- _PROBLEM DESCRIPTION_: Directions for the data below: repeat exactly the lines from the one with "this 400×600 image." through the one with "this 999×563 image.", both included, and omit all pictures.

- _DATA EXTRACTS_:
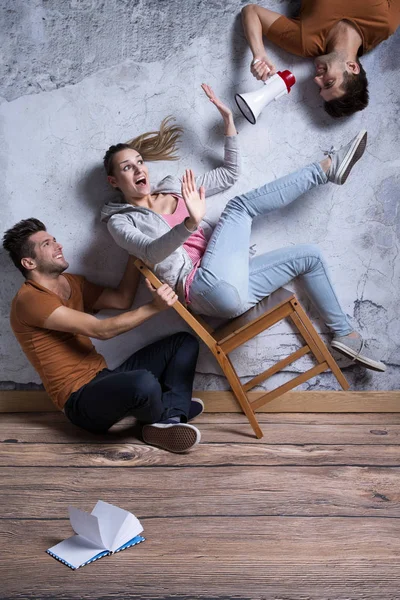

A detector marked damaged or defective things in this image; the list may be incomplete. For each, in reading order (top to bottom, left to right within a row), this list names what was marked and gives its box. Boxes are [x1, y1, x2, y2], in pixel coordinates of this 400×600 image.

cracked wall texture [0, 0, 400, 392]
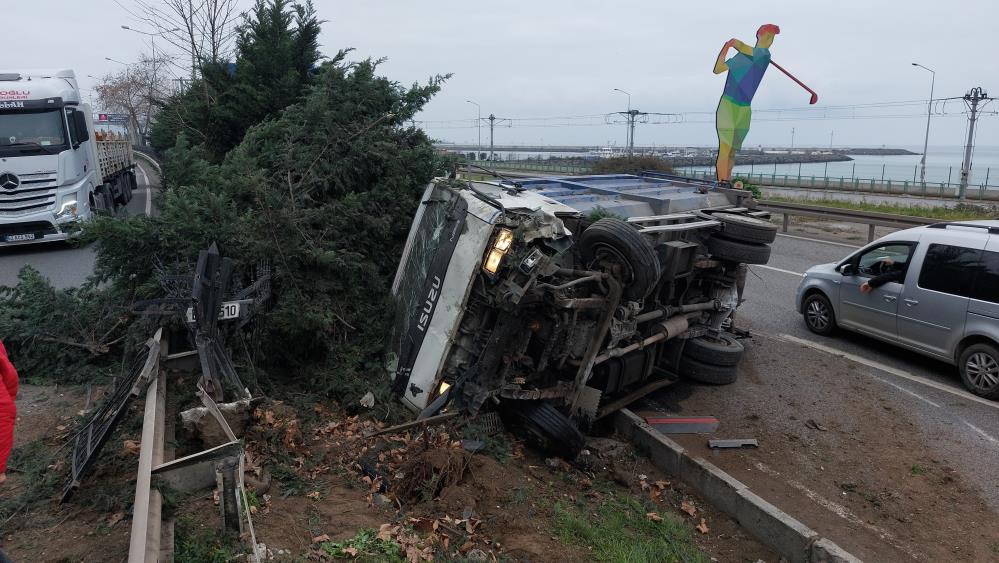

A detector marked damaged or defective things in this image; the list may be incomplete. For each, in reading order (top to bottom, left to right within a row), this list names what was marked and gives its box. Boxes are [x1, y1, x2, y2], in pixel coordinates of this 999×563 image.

--

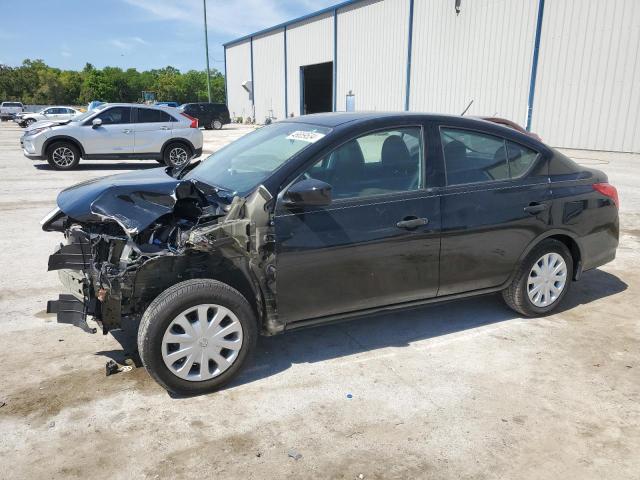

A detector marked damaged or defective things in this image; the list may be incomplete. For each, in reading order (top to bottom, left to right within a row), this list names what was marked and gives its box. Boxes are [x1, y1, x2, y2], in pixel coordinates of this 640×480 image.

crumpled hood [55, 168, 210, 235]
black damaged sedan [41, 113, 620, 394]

* * *

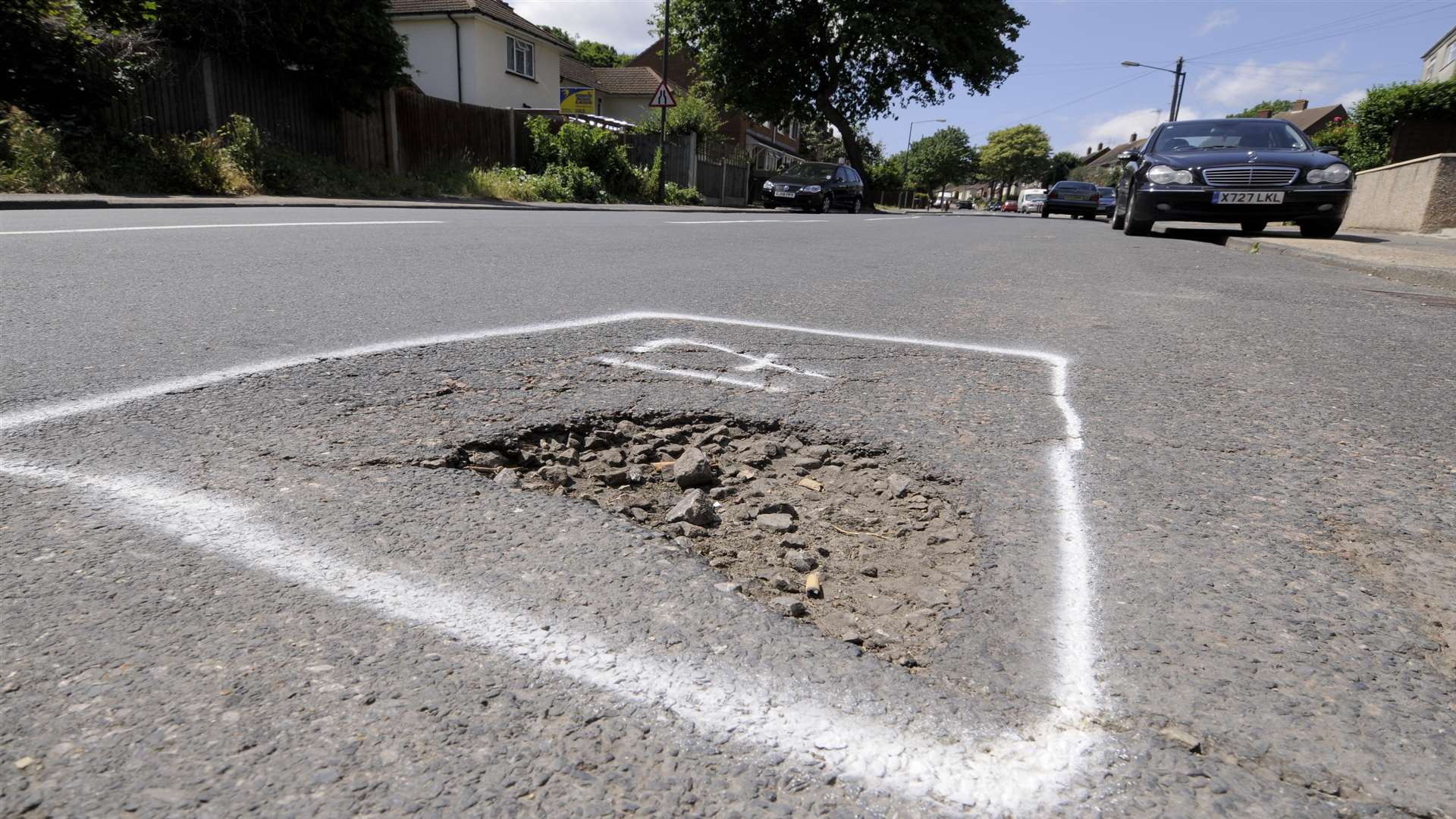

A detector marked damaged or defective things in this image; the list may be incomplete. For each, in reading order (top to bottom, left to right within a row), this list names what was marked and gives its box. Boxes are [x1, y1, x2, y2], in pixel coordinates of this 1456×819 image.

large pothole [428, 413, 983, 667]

- _TASK RESULT_:
A detector marked damaged or defective things in this image; the list may be incomplete. For each, in reading order (top to bottom, left to right within a row), this list names what was marked and gives its box. Boxes are [x1, y1, x2, y2], in pixel coordinates of this 400×600 image.

cracked wall texture [0, 0, 400, 392]

A detector marked damaged or defective things in this image; the list may be incomplete. For each, in reading order (top to bottom, left to right within a row), this list names what was marked and gives its box. Boxes are [x1, y1, x2, y2], in pixel coordinates of this 999×563 image.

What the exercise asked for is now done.